Il numero uno di Mps ha anche negato che l’ops sia stata preparata e concordata con il governo già mesi prima dell’annuncio ufficiale. È un fatto, però, che la scalata a Mediobanca si inserisce in una più ampia partita di potere che mira a ridisegnare gli assetti dell’alta finanza nazionale, fino a Generali, di cui Mediobanca è l’azionista principale con una quota del 13,1 per cento. Il prossimo 24 aprile è in programma l’assemblea della compagnia triestina che metterà ai voti la lista di candidati al consiglio d’amministrazione presentata da Caltagirone. Se questa dovesse prevalere, Generali avrebbe un cda di fatto ingovernabile formato da sei consiglieri proposti da Mediobanca e altrettanti dall’imprenditore romano.
L’opa di Mps potrebbe partire già in giugno per concludersi il mese successivo. A quel punto, se l’operazione avesse successo, la banca senese si troverebbe a comandare in casa Generali, grazie alle azioni di Trieste in portafoglio a Mediobanca. Di fatto quindi a decidere il futuro della compagnia sarebbe il governo insieme agli altri due grandi soci del Monte, cioè Caltagirone e i Del Vecchio.
Tempi duri in arrivo
Nel frattempo, a Siena si preparano al grande assalto, un’operazione che solo un anno fa sarebbe stata considerata fantascienza dagli analisti. Il sostegno dello Stato, l’aumento dei tassi d’interesse e la ristrutturazione gestita da Lovaglio hanno cambiato le carte in tavola.

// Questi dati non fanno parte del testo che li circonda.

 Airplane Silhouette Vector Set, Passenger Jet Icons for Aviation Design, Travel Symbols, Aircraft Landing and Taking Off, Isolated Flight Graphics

«Molti analisti da principio erano critici, ma col tempo hanno capito le buone ragioni di un’integrazione di business tra una banca commerciale come Mps e Mediobanca, forte nella gestione di patrimoni e nell’attività di investimento», ha ricordato Lovaglio. Se l’acquisizione andasse in porto, il nuovo polo diventerebbe il terzo operatore bancario in Italia in termini di attivo di bilancio, alle spalle di Intesa e Unicredit.
«Siamo tra le banche più capitalizzate d’Europa», ha ripetuto Lovaglio in risposta a chi dubita che un istituto salvato dall’intervento dello Stato abbia la forza di reggere a un passo impegnativo come l’acquisizione di Mediobanca. Un’operazione «unica e non convenzionale per essere protagonisti del consolidamento del sistema», ha detto Lovaglio, che non ha nascosto le nubi all’orizzonte con l’ulteriore rallentamento della crescita economica innescato dalla guerra dei dazi. Come dire che per le banche, tutte le banche, potrebbero arrivare tempi duri. A Siena contano di cavarsela con il paracadute targato Mediobanca.